-- TASK TO CARRY OUT --
Return all entries precisely as they stand, without the images.

-- Collection entries --
+ + + + + + +

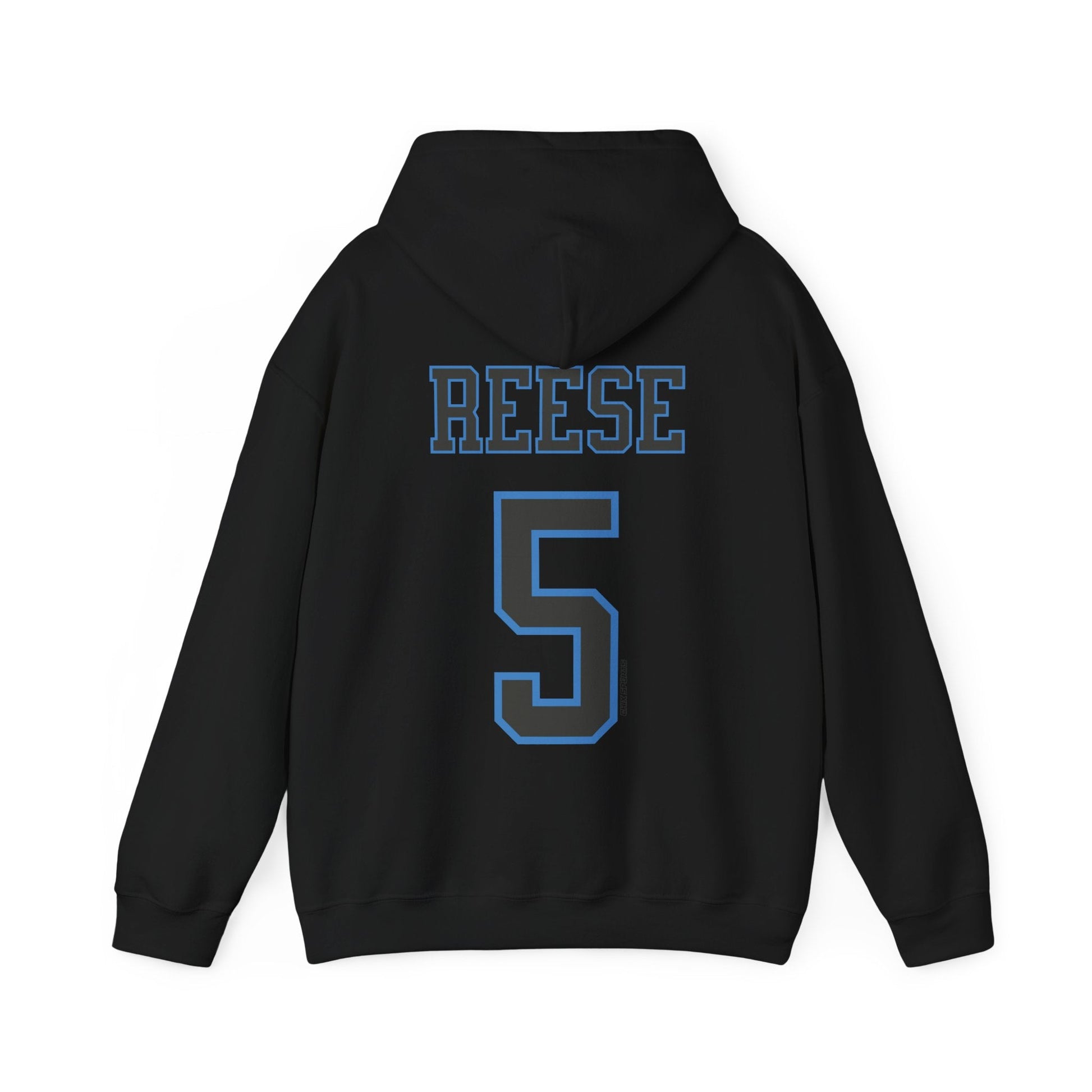 Angel Reese Dream Jersey Unisex Hoodie | Chix Sports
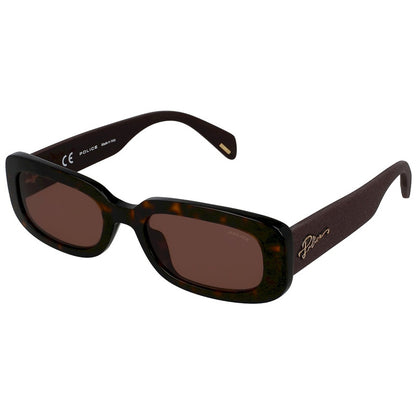 Police Sunglasses, Model: SPLA17 Colour: 0722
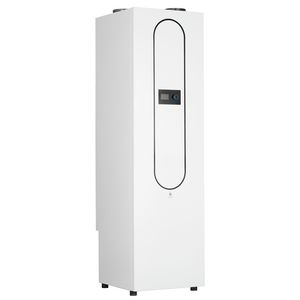 Ventilatiewarmtepomp Modul-AIR BLUE 2-5kW R32 1 met geïnt. 170ltr. boiler incl. RF-ontvanger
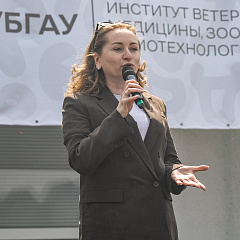 В Кубанском ГАУ открылось «Ранчо»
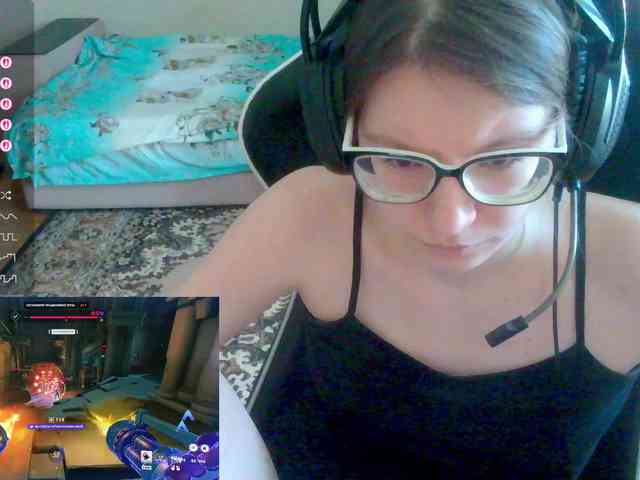 KittyMiracle webcam
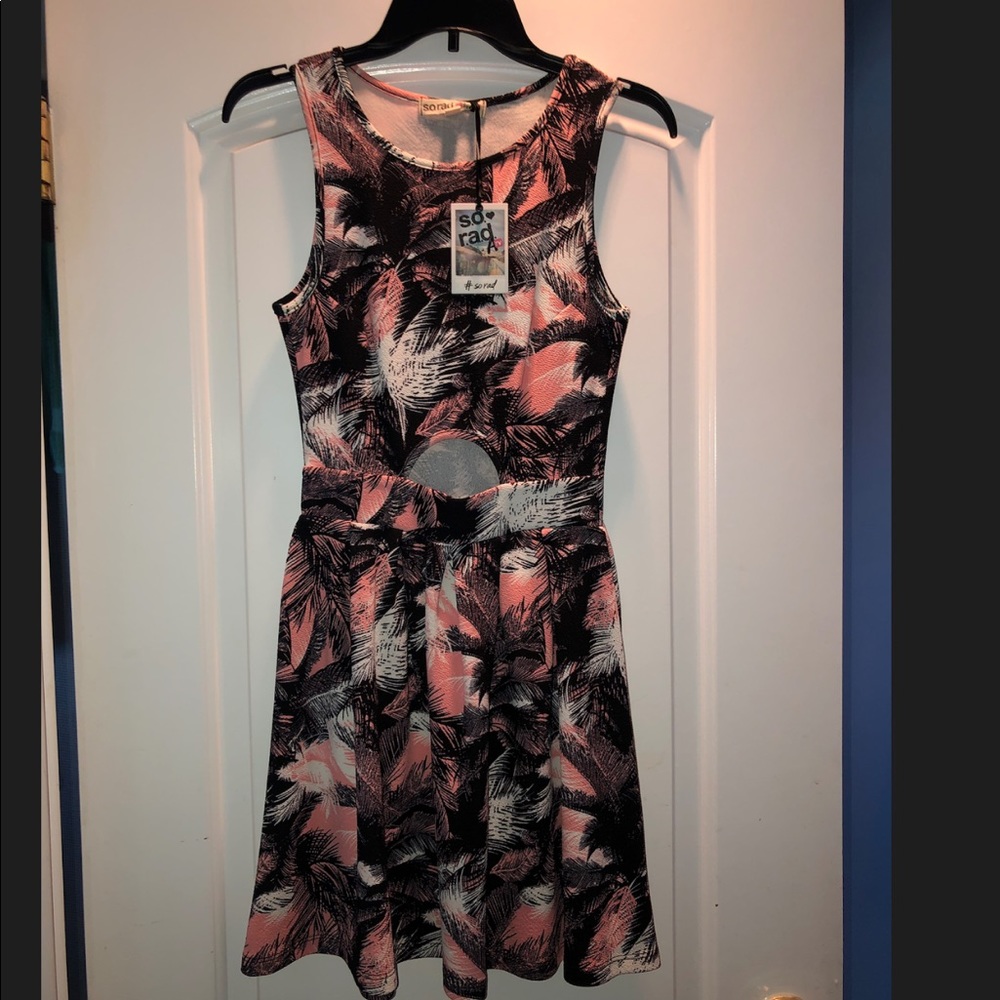 Juniors Dress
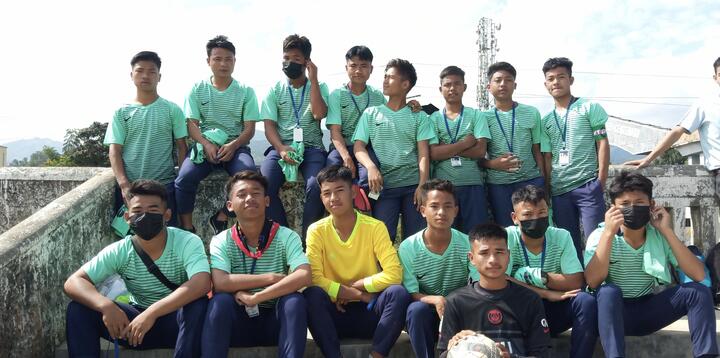 Football team Football team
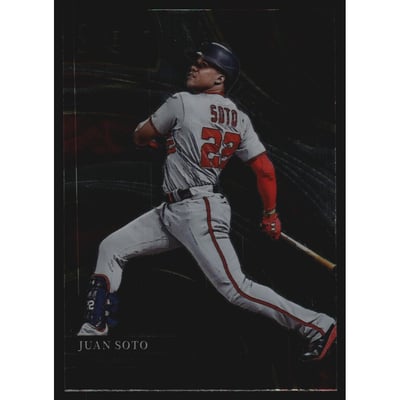 2022 Select Moon Shots #18 Juan Soto
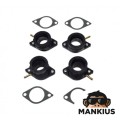 VAMZDYS, ĮSIurbimo KARBIURATORIUS YAMAHA 4G0-13586/96-02, 4G0-13556-02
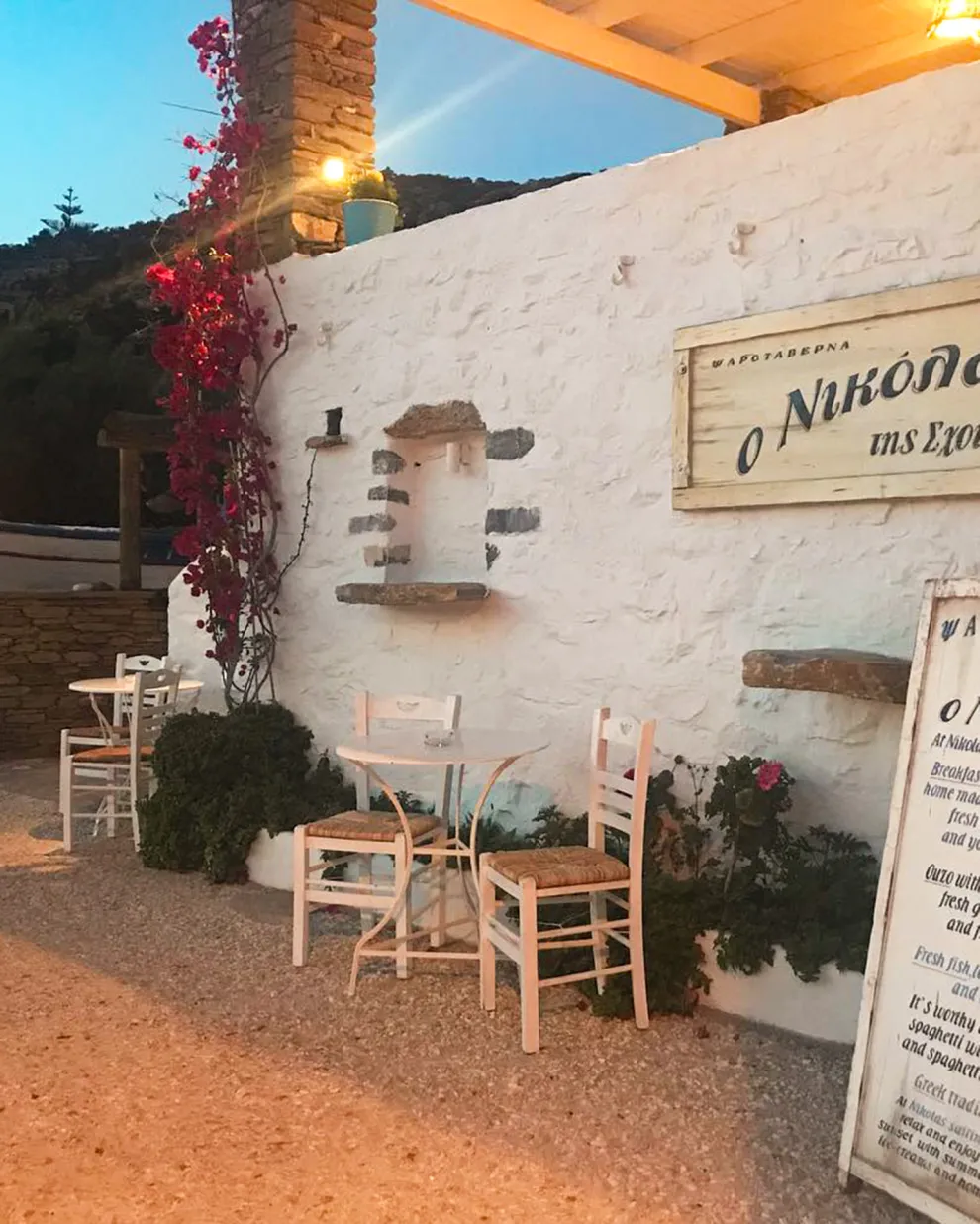 Νικόλας Σχοινούσα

+ + + + + + +

-- TASK SOLUTION --
 Angel Reese Dream Jersey Unisex Hoodie | Chix Sports
 Police Sunglasses, Model: SPLA17 Colour: 0722
 Ventilatiewarmtepomp Modul-AIR BLUE 2-5kW R32 1 met geïnt. 170ltr. boiler incl. RF-ontvanger
 В Кубанском ГАУ открылось «Ранчо»
 KittyMiracle webcam
 Juniors Dress
 Football team Football team
 2022 Select Moon Shots #18 Juan Soto
 VAMZDYS, ĮSIurbimo KARBIURATORIUS YAMAHA 4G0-13586/96-02, 4G0-13556-02
 Νικόλας Σχοινούσα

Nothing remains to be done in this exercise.